── AVAILABLE RECORDS ──

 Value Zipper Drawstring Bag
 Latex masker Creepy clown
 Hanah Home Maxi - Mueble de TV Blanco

───
── AVAILABLE RECORDS ──

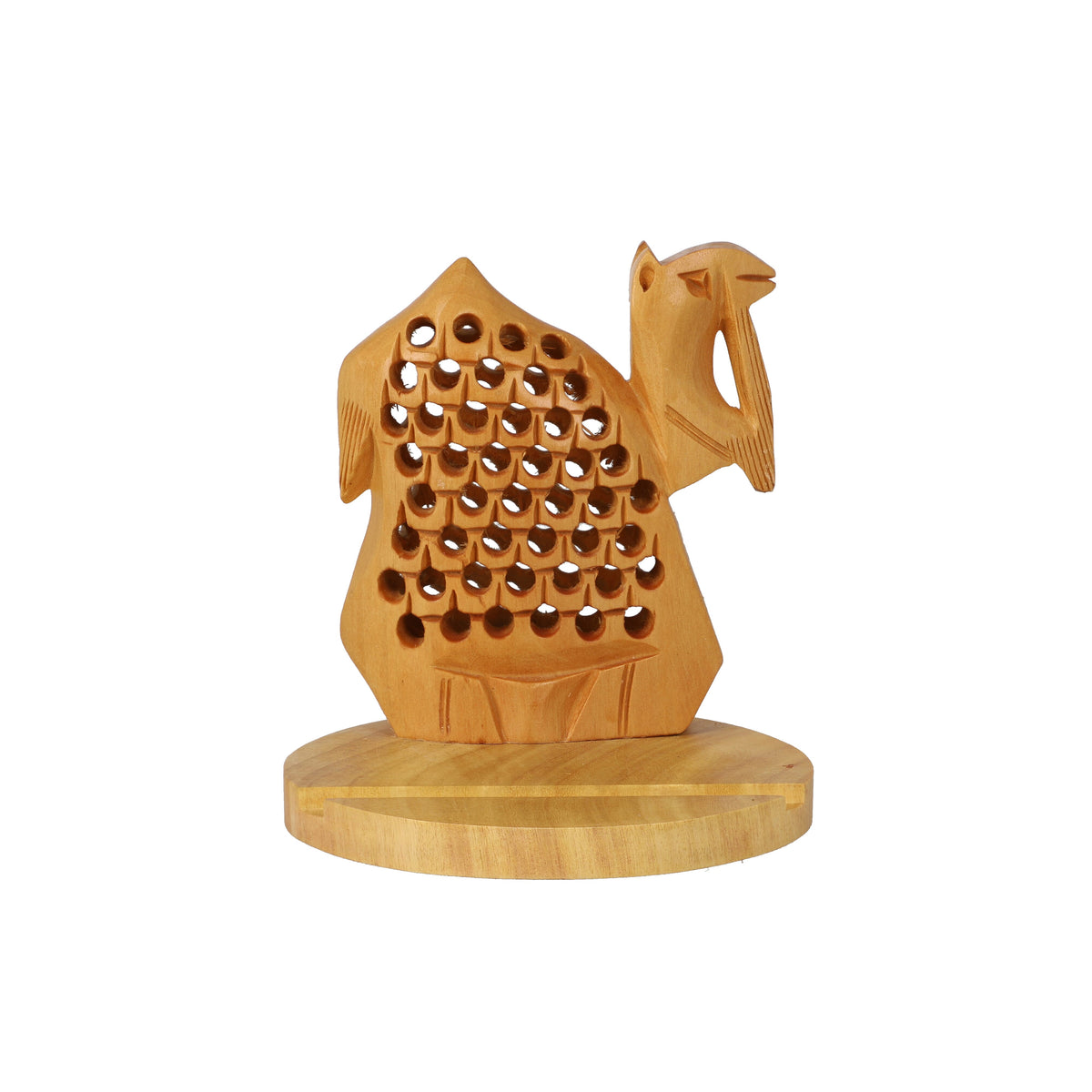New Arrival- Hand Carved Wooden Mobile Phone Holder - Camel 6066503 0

───
── AVAILABLE RECORDS ──

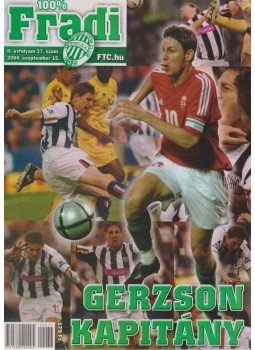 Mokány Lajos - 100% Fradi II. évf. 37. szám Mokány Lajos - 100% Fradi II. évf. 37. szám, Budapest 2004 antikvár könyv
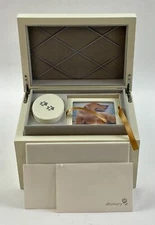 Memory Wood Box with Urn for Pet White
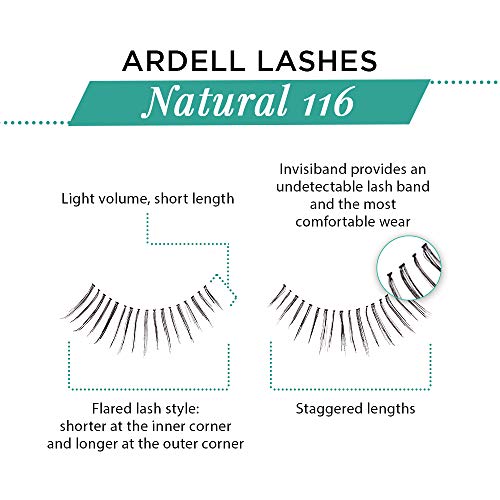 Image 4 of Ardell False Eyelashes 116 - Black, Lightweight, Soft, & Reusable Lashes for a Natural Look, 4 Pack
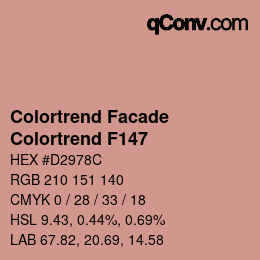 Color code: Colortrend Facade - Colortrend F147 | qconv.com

───

Since only part of the listing is wanted, copy exactly the lines from the one holding "Latex masker Creepy clown" to the one holding "Hanah Home Maxi - Mueble de TV Blanco", both included.

WRITTEN ANSWER
 Latex masker Creepy clown
 Hanah Home Maxi - Mueble de TV Blanco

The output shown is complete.